The foundation’s mission was a decisive factor, she says.
“It wasn’t that I wanted to come out of retirement, but this seems like a worthwhile thing to do,” Ms. Shapiro says. “Liberal arts education tends to be under attack. I think the idea of a foundation specifically focused on liberal arts education is important.”
She takes the helm at a time when enrollment in humanities courses is on the decline, amid accusations that liberal arts colleges do not prepare undergraduate students for jobs or do not train graduate students well enough to teach. Ms. Shapiro does not entirely disagree with those criticisms, she says.
“There is always vocational pressure,” she notes.
One of Ms. Shapiro’s main accomplishments at Barnard was to develop and promote Reacting to the Past, a course that engages students in games and role-playing based on classic texts.
The program, which received a grant from Teagle, has been adopted by more than 300 colleges and universities.
She will use what she has learned from the success of Reacting to the Past to focus on her twin goals for Teagle: to determine how best to ensure that students are learning and to make teaching more rewarding for professors.
The program, she says, is an example “of where I see the foundation going—of finding exciting programs and then attending to what will cause them to be spread, revitalizing liberal arts education,” says Ms. Shapiro.
Credited with strengthening the bond between Barnard and its neighbor Columbia University, Ms. Shapiro also plans to make collaboration a priority during her tenure.
She hopes that Teagle will work closely with other grant makers committed to higher education. Although the foundation’s endowment of approximately $144-million means it is not one of the wealthiest philanthropies in the country, the grant maker’s goals are no less ambitious, Ms. Shapiro says: “It’s small and it has modest resources, but it definitely has an influence beyond its scale.”

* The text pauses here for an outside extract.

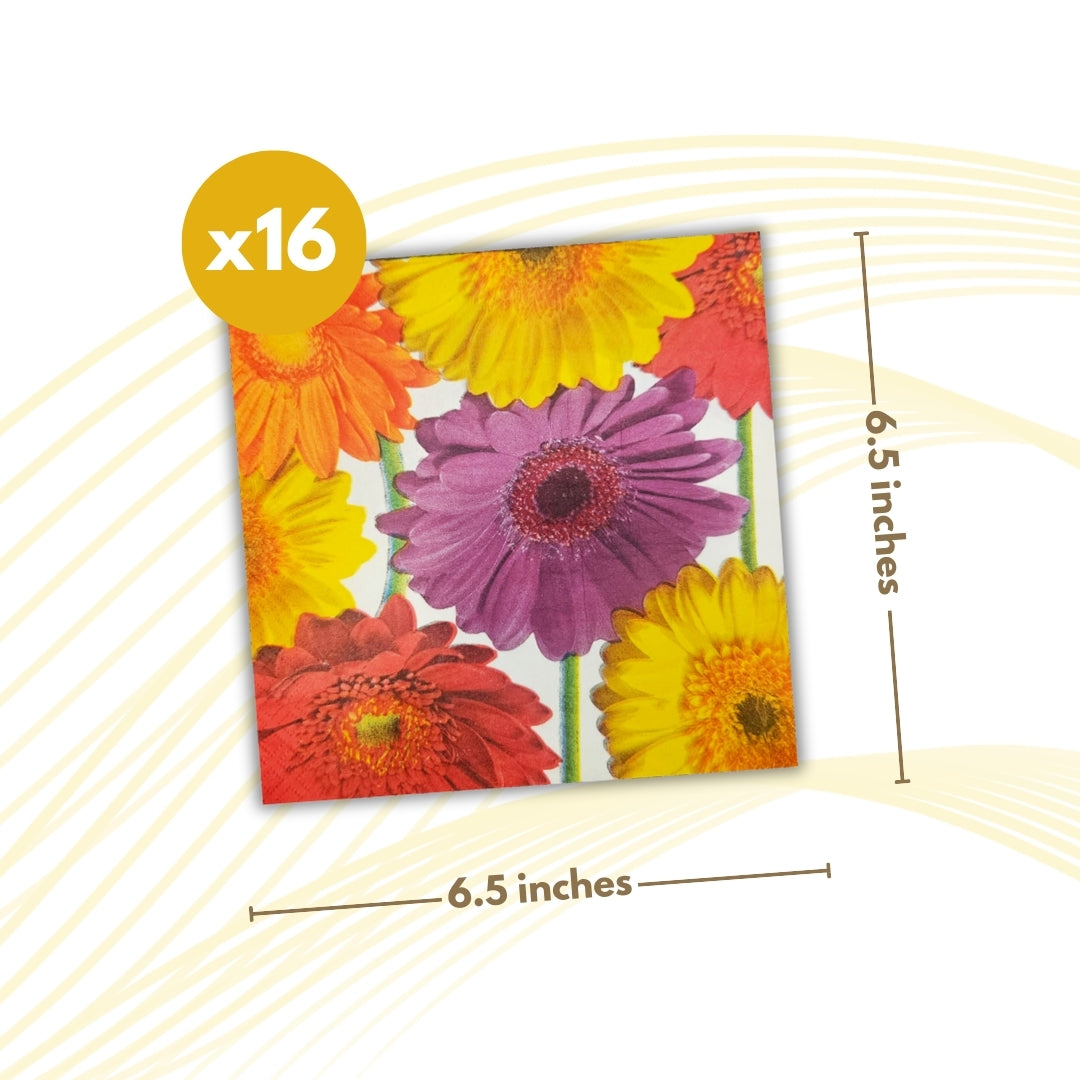 Flower Fantasy Lunch Napkins - 16PC
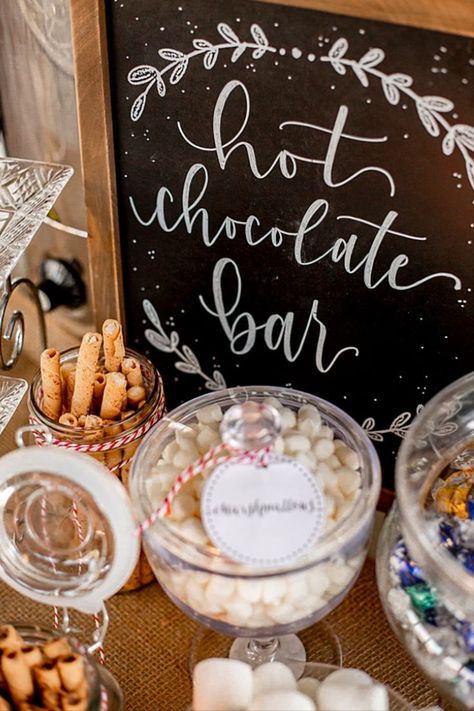 Hot Chocolate Chalkboard Sign, Hot Chocolate Bar Wedding Reception, Hot Cocoa Bar Chalkboard Sign, Hot Chocolate Bar At Wedding, Hot Chocolate Wedding Bar, Hot Chocolate Bar For Wedding, Hot Cocoa Bar Wedding, Hot Chocolate Bar Wedding, Coffee Bar Ideas Station Small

Judith Shapiro, president, Teagle Foundation
Education: Bachelor’s degree, Brandeis University; Ph.D., anthropology, Columbia University
Career highlights: President, Barnard College; provost, Bryn Mawr College; professor of anthropology, University of Chicago
Salary: Not disclosed.
What she’s reading: Of The Social Contract, Or Principles of Political Right, by Jean-Jacques Rousseau (she is re-reading this book); Reflections on the Revolution in France, by Edmund Burke; Citizens: A Chronicle of the French Revolution, by Simon Schama; Higher Education in the Digital Age, by William Bowen; Wannabe U: Inside the Corporate University, by Gaye Tuchman; and “going through Jane Haddam mysteries like potato chips.”